Nous possédons également sur l’état de l’agriculture à la fin de l’empire un document d’une autorité suffisante dans l’ouvrage de Chaptal, de l’Industrie française, publié en 1818. D’après Chaptal, le total des produits de l’agriculture s’élevait vers 1815 à 4 milliards 678 millions; mais, pour établir la comparaison entre ce chiffre et celui de Lavoisier, il faut y faire d’importantes rectifications. Lavoisier n’avait compris dans le produit total ni les semences, que Chaptal évalue à part à 381 millions, ni la consommation des animaux attachés à la ferme, que Chaptal évalue à 863 millions, ni le dépérissement et la mortalité de ces mêmes animaux, ni les poissons des marais et rivières, etc.
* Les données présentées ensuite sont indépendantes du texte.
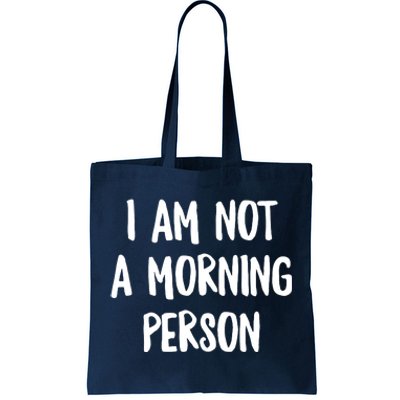 I Am Not A Morning Person Slogan Sayings Quote Tote Bag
Ces retranchemens s’élèvent ensemble à près de 1,400 millions. En ramenant les deux statistiques à des bases commîmes, on trouve pour le produit total annuel de l’agriculture à la fin de l’empire un peu plus de 3 milliards; ce produit ne se serait alors accru que de 500 millions en vingt-cinq ans, et il est probable que l’augmentation presque tout entière avait été obtenue sous le consulat; la république et l’empire n’auraient alors rien ou presque rien ajouté à la richesse territoriale de la France. Cette conséquence des recherches de Chaptal se trouve confirmée par un autre indice, le mouvement de la population. La population nationale était en 1790 de 26,500,000 âmes; elle était en 1815 de 29,500,000; différence, 3 millions, ou proportionnellement moins que l’augmentation signalée dans les produits de l’agriculture.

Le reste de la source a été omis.